----- Available data

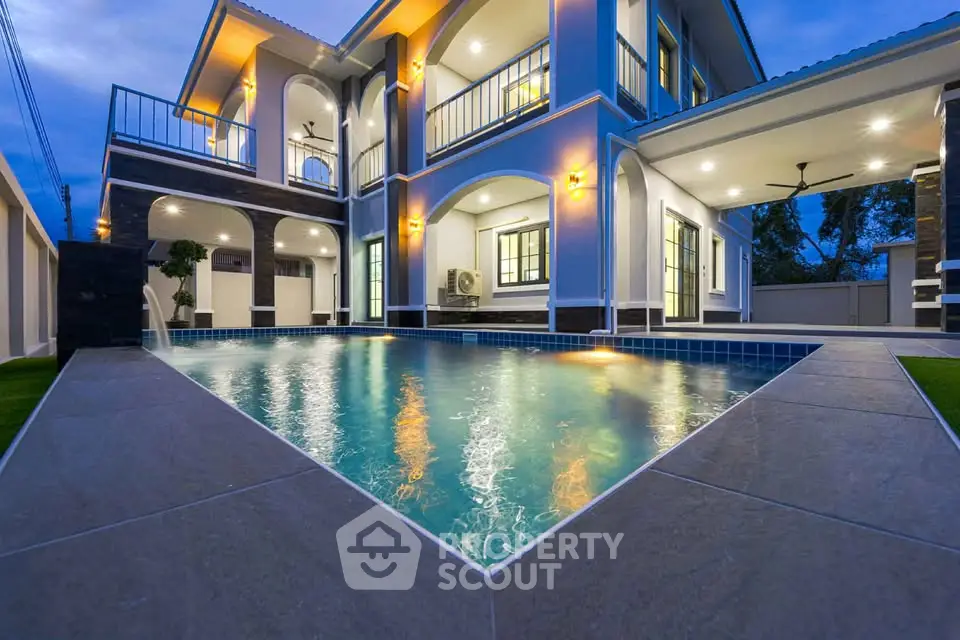 Luxurious modern home with stunning pool and elegant lighting at dusk.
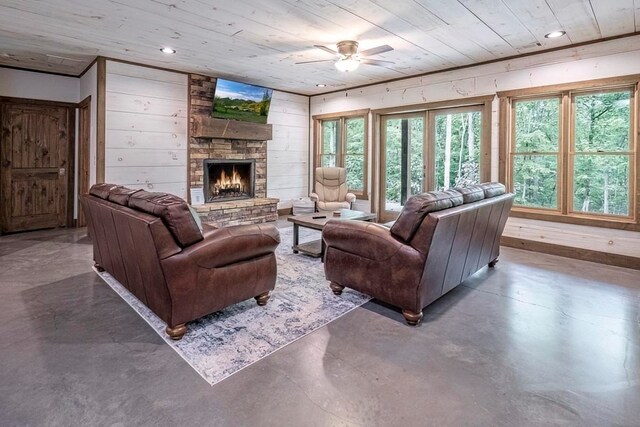 1085 Dills Rd, Blue Ridge, GA 30513 - living area featuring wood ceiling, a ceiling fan, finished concrete flooring, a stone fireplace, and recessed lighting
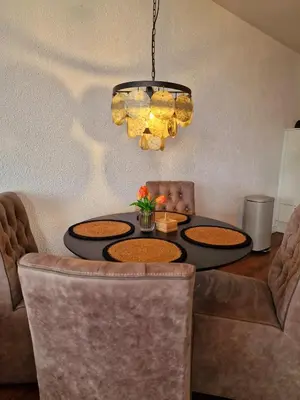 a dining room with a table and a chandelier at Studio Noordzee in Egmond aan Zee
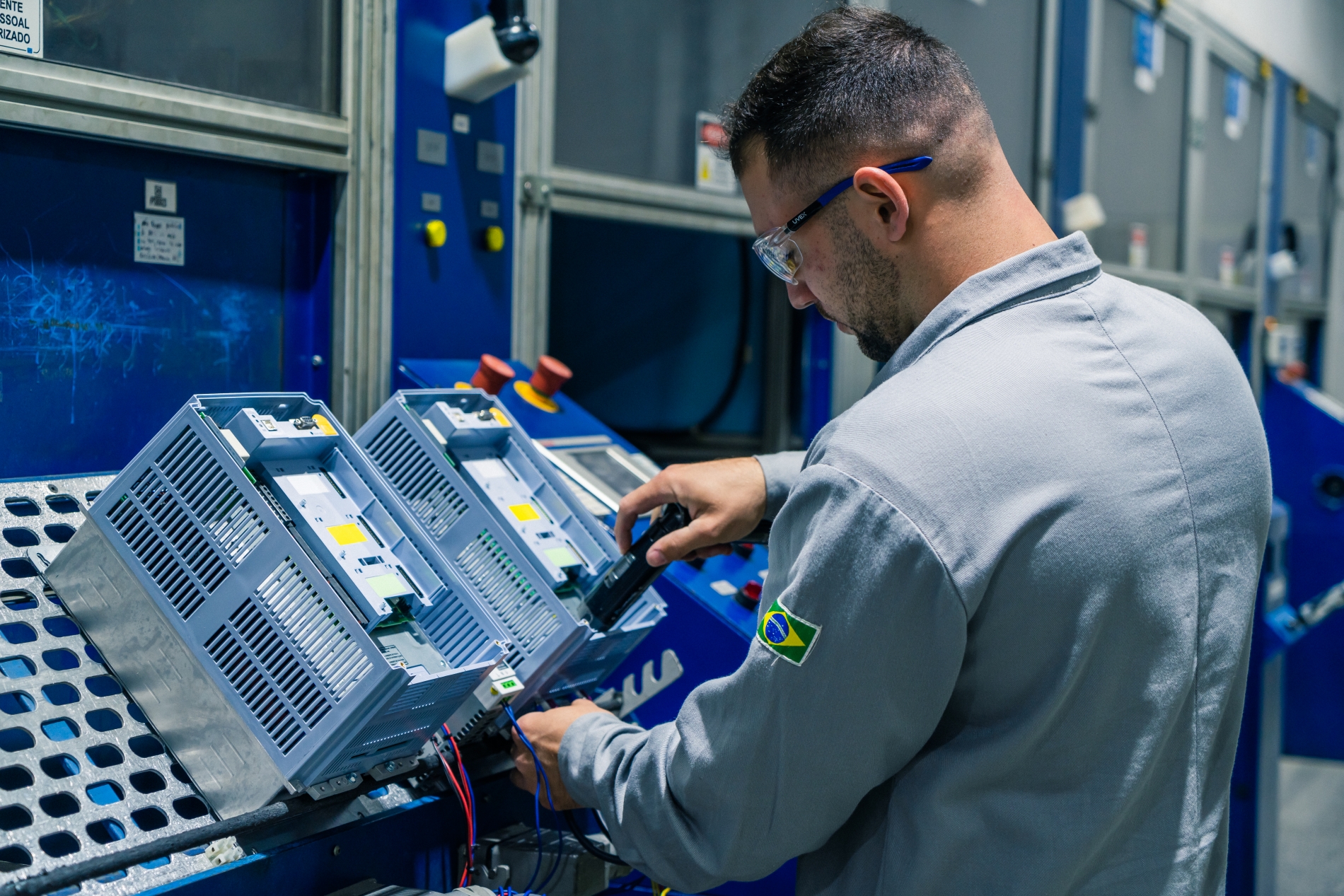 A Variable Frequency Drive (VFD)  installed in an industrial setting, with a technician standing beside it.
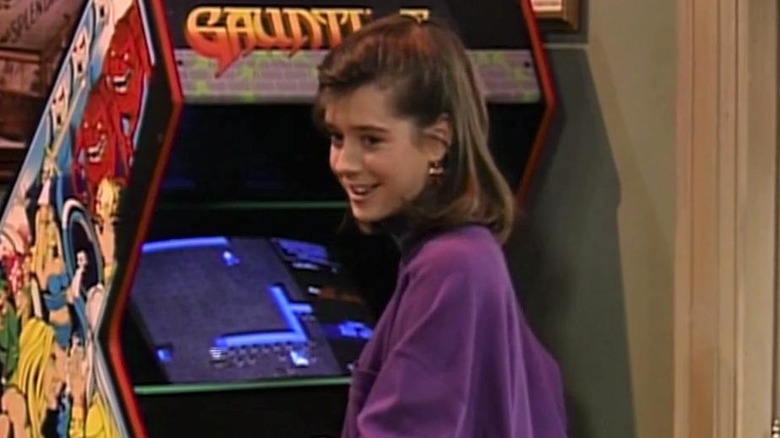 A girl playing an arcade game in "Free Spirit"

----------

◆ **Task requirements**
Once the pictures are set aside, what is needed is the lines from the line with "a dining room" through the end of the data, written out exactly and alone.

◆ **Answer space**
 a dining room with a table and a chandelier at Studio Noordzee in Egmond aan Zee
 A Variable Frequency Drive (VFD)  installed in an industrial setting, with a technician standing beside it.
 A girl playing an arcade game in "Free Spirit"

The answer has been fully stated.